What is this drug used for?

  • It is used to treat fungal infections.
  • This drug is not approved for use in children. However, the doctor may decide the benefits of taking this drug outweigh the risks. If your child has been given this drug, ask the doctor for information about the benefits and risks. Talk with the doctor if you have questions about giving this drug to your child.

What do I need to tell the doctor BEFORE my child takes this drug?

  • If your child is allergic to this drug; any part of this drug; or any other drugs, foods, or substances. Tell the doctor about the allergy and what signs your child had.
  • If your child has Familial Short QT syndrome.
  • If your child is taking any of these drugs: Carbamazepine, ketoconazole, phenobarbital or another drug like it, rifampin, ritonavir, or St. John’s wort.

If your child is breast-feeding a baby:

  • Be sure your child does not breast-feed a baby while taking this drug.

This is not a list of all drugs or health problems that interact with this drug.

Tell the doctor and pharmacist about all of your child’s drugs (prescription or OTC, natural products, vitamins) and health problems. You must check to make sure that it is safe to give this drug with all of your child’s other drugs and health problems. Do not start, stop, or change the dose of any drug your child takes without checking with the doctor.

What are some things I need to know or do while my child takes this drug?

  • Tell all of your child’s health care providers that your child is taking this drug. This includes your child’s doctors, nurses, pharmacists, and dentists.
  • Have blood work checked as you have been told by the doctor. Talk with the doctor.

If your child is or may be sexually active:

  • This drug may cause harm to the unborn baby if your child takes it during pregnancy.
  • Have your child use birth control while taking this drug and for some time after the last dose. Ask the doctor how long your child must use birth control. If your child becomes pregnant, call the doctor right away.

What are some side effects that I need to call my child’s doctor about right away?

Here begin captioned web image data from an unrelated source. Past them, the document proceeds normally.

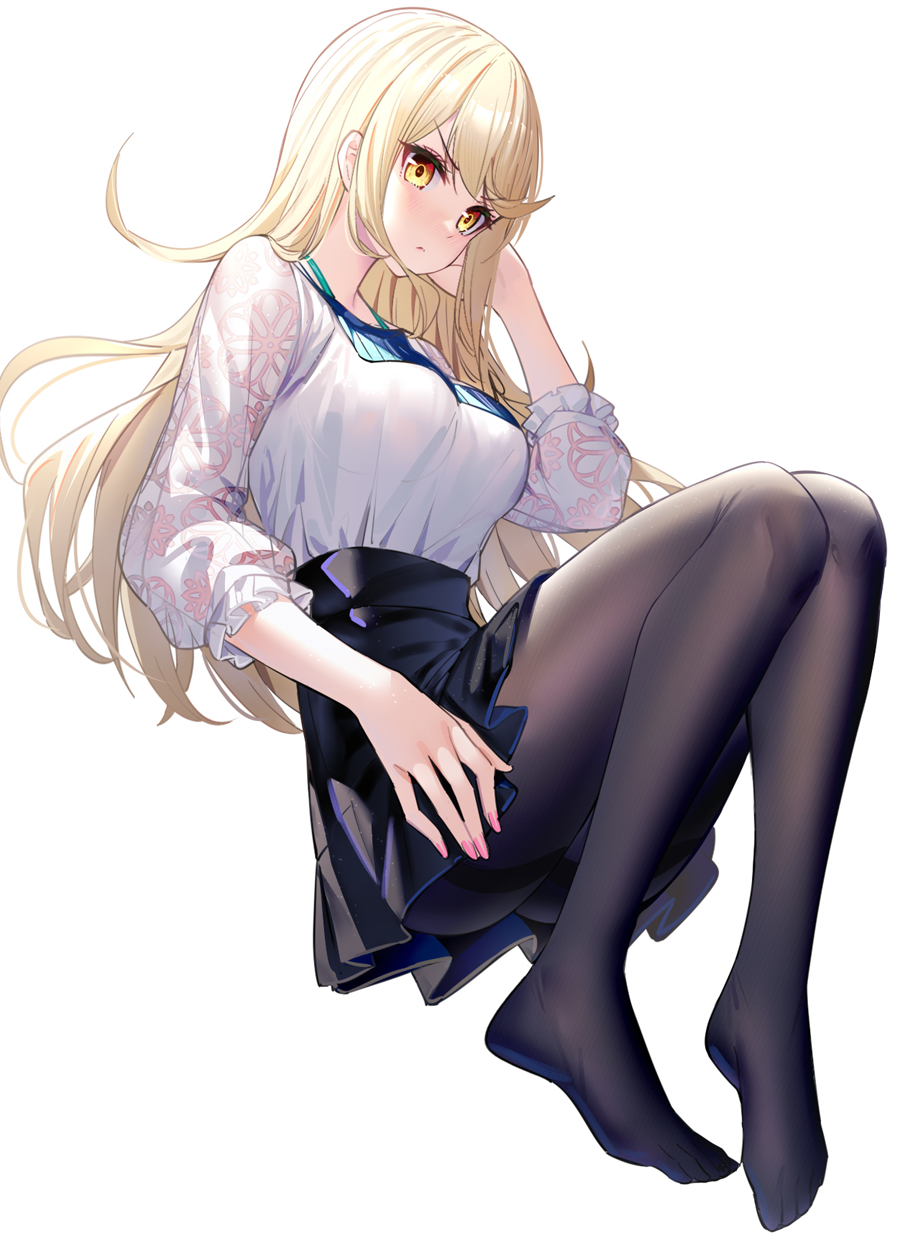 1girl bangs black_legwear blonde_hair blush breasts closed_mouth full_body highres large_breasts long_hair long_sleeves looking_at_viewer mythra_(xenoblade) pantyhose ririko_(zhuoyandesailaer) shirt shirt_tucked_in simple_background skirt solo white_background white_shirt xenoblade_chronicles_(series) xenoblade_chronicles_2 yellow_eyes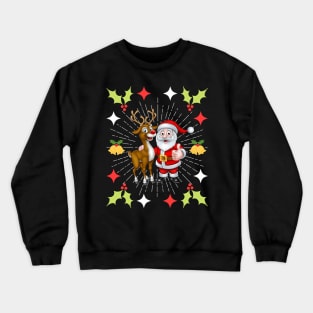 Christmas Sparkle in Christmas Santa and Christmas Reindeer Crewneck Sweatshirt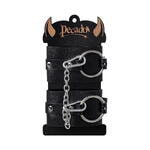 Оковы Pecado BDSM, из толстой кожи с люверсами, натуральная кожа, чёрные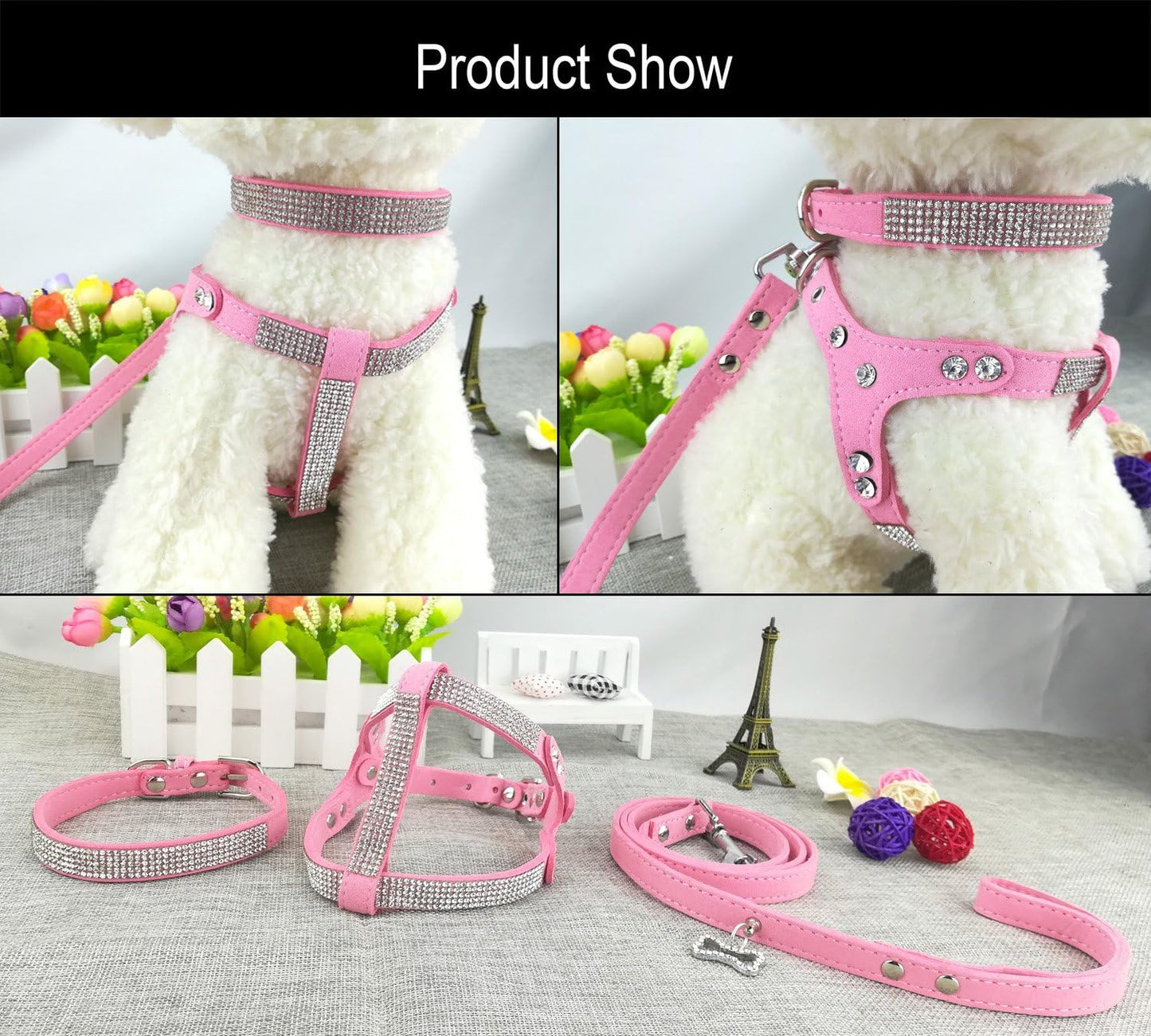 3-teiliges Geschirrset mit Hundehalsband & Geschirr & Leinen, M Rosa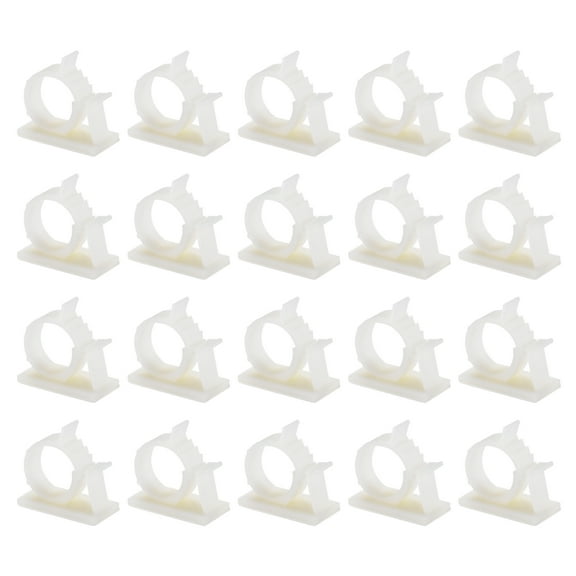 Adjustable Cable Clips, 20 Pack 22-25mm Self-Adhesive Cable Clamp Wire Clamps, White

WARNING/CAUTION: Even though it may be rare, some people may have very bad and sometimes deadly side effects when taking a drug. Tell your child’s doctor or get medical help right away if your child has any of the following signs or symptoms that may be related to a very bad side effect:

All products:

  • Signs of an allergic reaction, like rash; hives; itching; red, swollen, blistered, or peeling skin with or without fever; wheezing; tightness in the chest or throat; trouble breathing, swallowing, or talking; unusual hoarseness; or swelling of the mouth, face, lips, tongue, or throat. Rarely, some allergic reactions have been deadly.
  • Signs of kidney problems like unable to pass urine, change in how much urine is passed, blood in the urine, or a big weight gain.
  • Signs of electrolyte problems like mood changes; confusion; muscle pain, cramps, or spasms; weakness; shakiness; change in balance; an abnormal heartbeat; seizures; loss of appetite; or severe upset stomach or throwing up.
  • Chest pain or pressure, a fast heartbeat, or an abnormal heartbeat.
  • Feeling confused.
  • Shortness of breath.
  • Swelling in the arms or legs.
  • Dizziness or passing out.
  • Flushing.
  • Sweating a lot.
  • Liver problems have happened with this drug. Sometimes, liver problems have been deadly in people with severe health problems. Call the doctor right away if your child has signs of liver problems like dark urine, tiredness, decreased appetite, upset stomach or stomach pain, light-colored stools, throwing up, or yellow skin or eyes.
  • A severe skin reaction (Stevens-Johnson syndrome/toxic epidermal necrolysis) may happen. It can cause severe health problems that may not go away, and sometimes death. Get medical help right away if your child has signs like red, swollen, blistered, or peeling skin (with or without fever); red or irritated eyes; or sores in the mouth, throat, nose, or eyes.

Injection:

  • Some patients have had very bad side effects during the infusion. Tell the doctor if your child has a burning, numbness, or tingling feeling that is not normal; chills; dizziness or passing out; shortness of breath; or any other bad effects during the infusion.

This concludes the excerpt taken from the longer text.